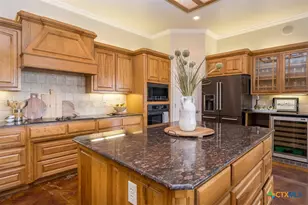 11047 Highview Dr, Belton, TX 76513 - Photo 9
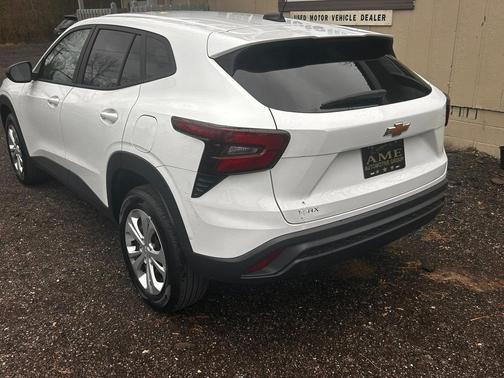 2024 Chevrolet Trax LS
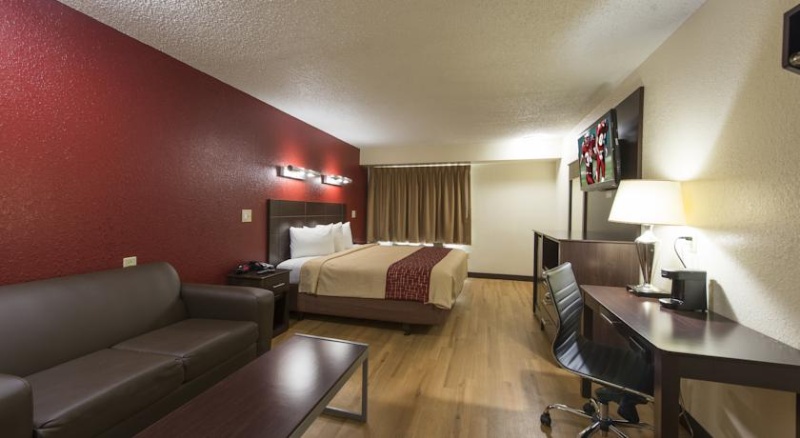 Red Roof Inn Houston Brookhollow - Newly Renovated Lobby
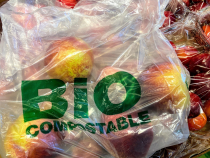 Anglia a redus consumul de plastic cu 97%. Cumpărătorii achiziționează doar trei pungi pe an de când au fost introduse taxele / Foto: Unsplash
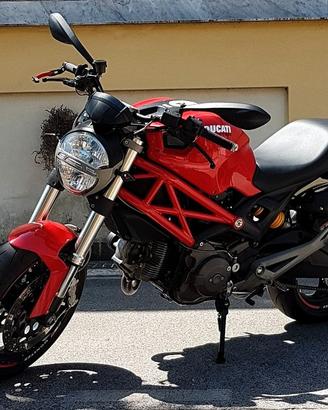 Ducati Monster 696 (18 anni - patente A2)
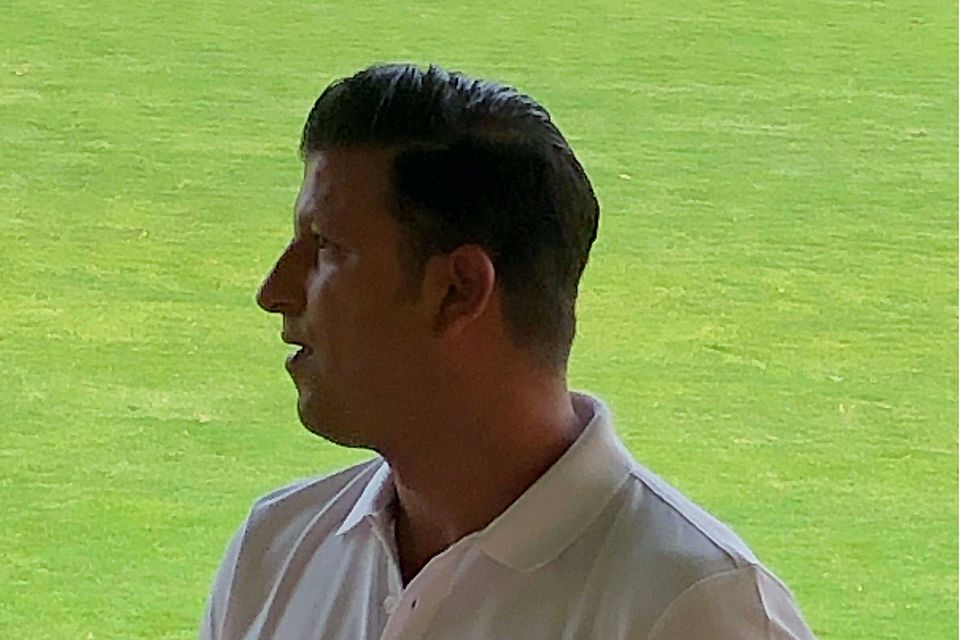 War am Mittwochabend beim Testspiel des SV Straelen: Michele Lepore, Ex-Trainer des FC Kray, ist aktuell vereinslos.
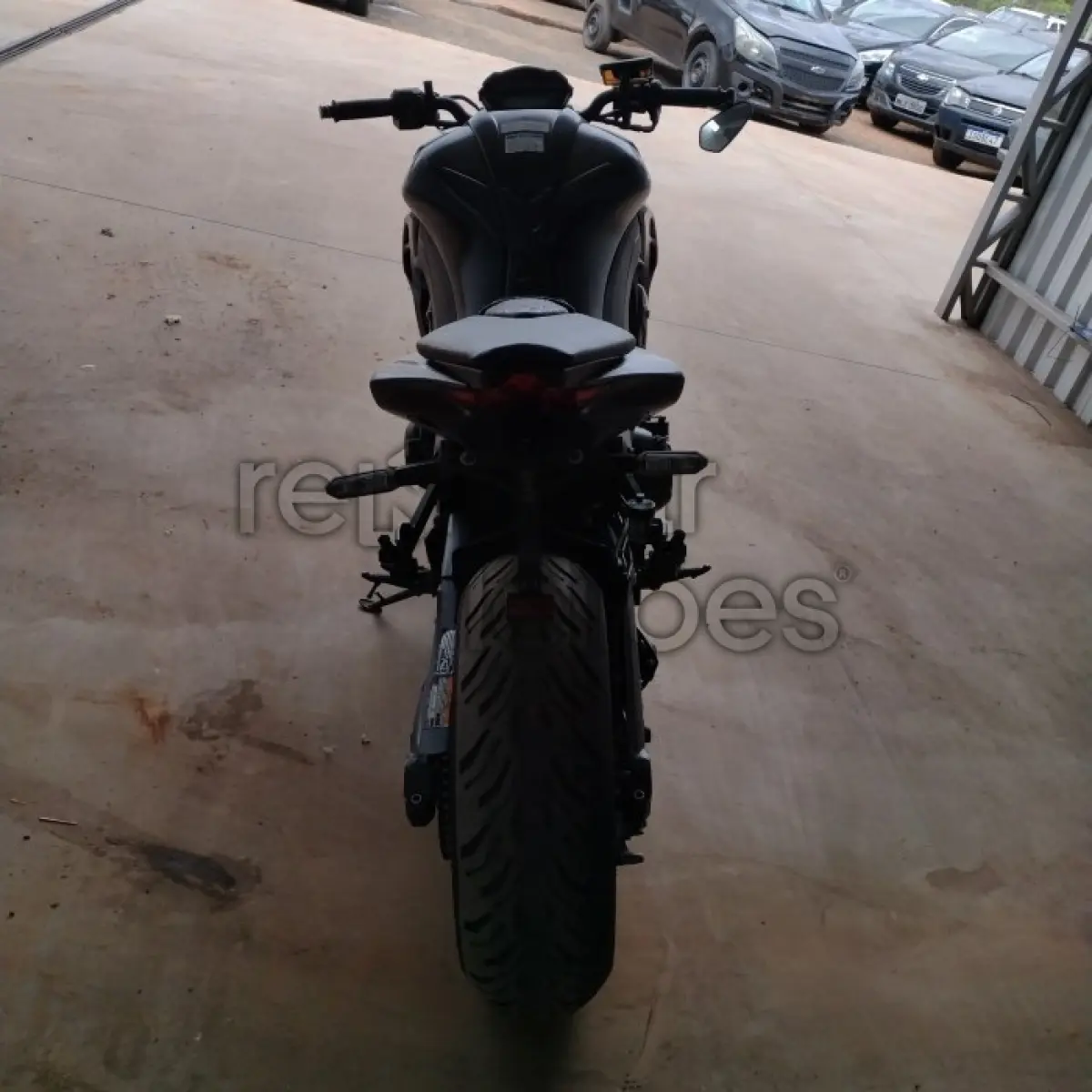 LOTE 050 - KAWASAKI Z1000 - ANO 2021/2021 - SICREDI UNIÃO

* WORK TASK *
Give back word for word the lines from the one containing "War am Mittwochabend" through the final line of the data above. Pictures are to be left out.

* WRITTEN RESPONSE *
 War am Mittwochabend beim Testspiel des SV Straelen: Michele Lepore, Ex-Trainer des FC Kray, ist aktuell vereinslos.
 LOTE 050 - KAWASAKI Z1000 - ANO 2021/2021 - SICREDI UNIÃO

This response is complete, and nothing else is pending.